START Supplied material
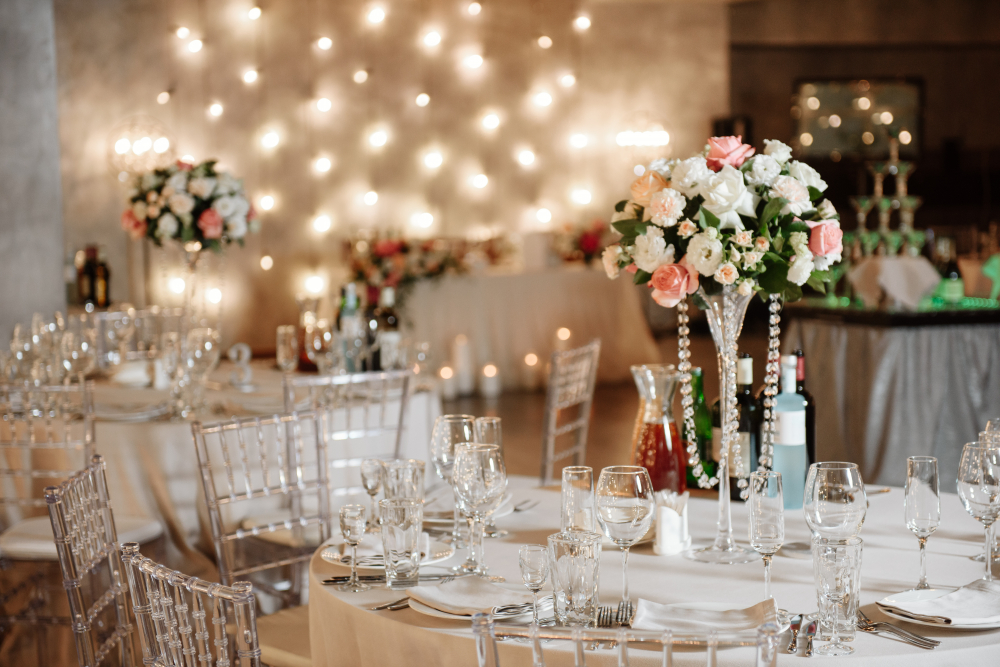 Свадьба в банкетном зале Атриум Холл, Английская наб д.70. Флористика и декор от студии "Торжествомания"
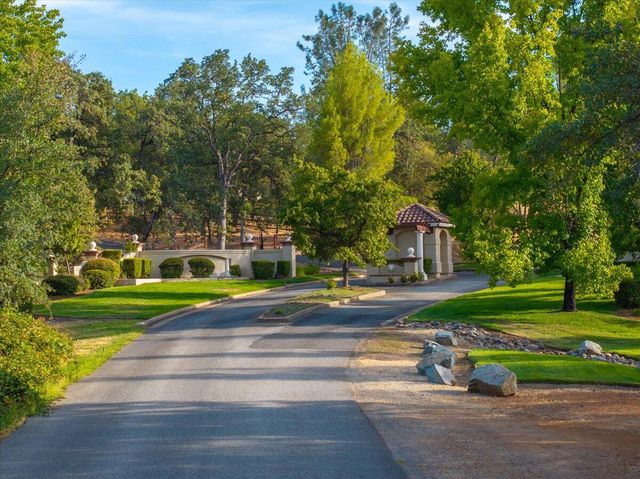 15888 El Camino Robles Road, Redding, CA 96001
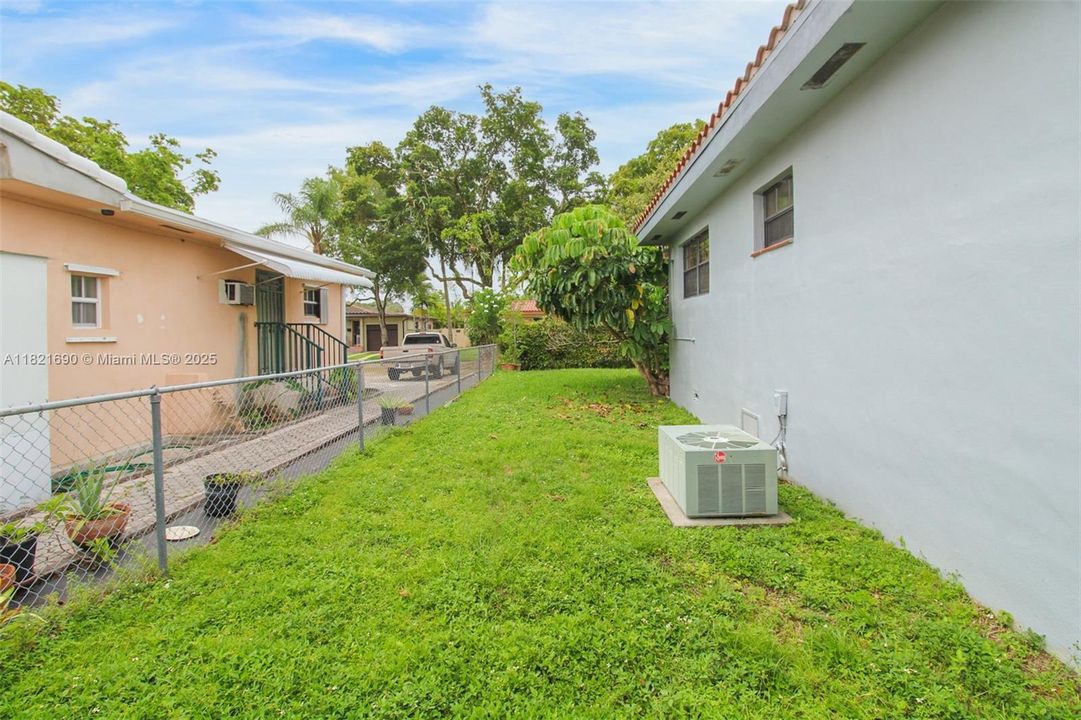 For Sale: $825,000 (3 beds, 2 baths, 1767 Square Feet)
END Supplied material
START Supplied material
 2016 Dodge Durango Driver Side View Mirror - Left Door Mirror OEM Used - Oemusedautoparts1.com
END Supplied material
* _What you are asked to do_
Exactly the lines above from the one that contains "Свадьба в банкетном" down to the one that contains "For Sale: $825,000" are to be output, both ends kept and pictures omitted.

* _Response to this task_
 Свадьба в банкетном зале Атриум Холл, Английская наб д.70. Флористика и декор от студии "Торжествомания"
 15888 El Camino Robles Road, Redding, CA 96001
 For Sale: $825,000 (3 beds, 2 baths, 1767 Square Feet)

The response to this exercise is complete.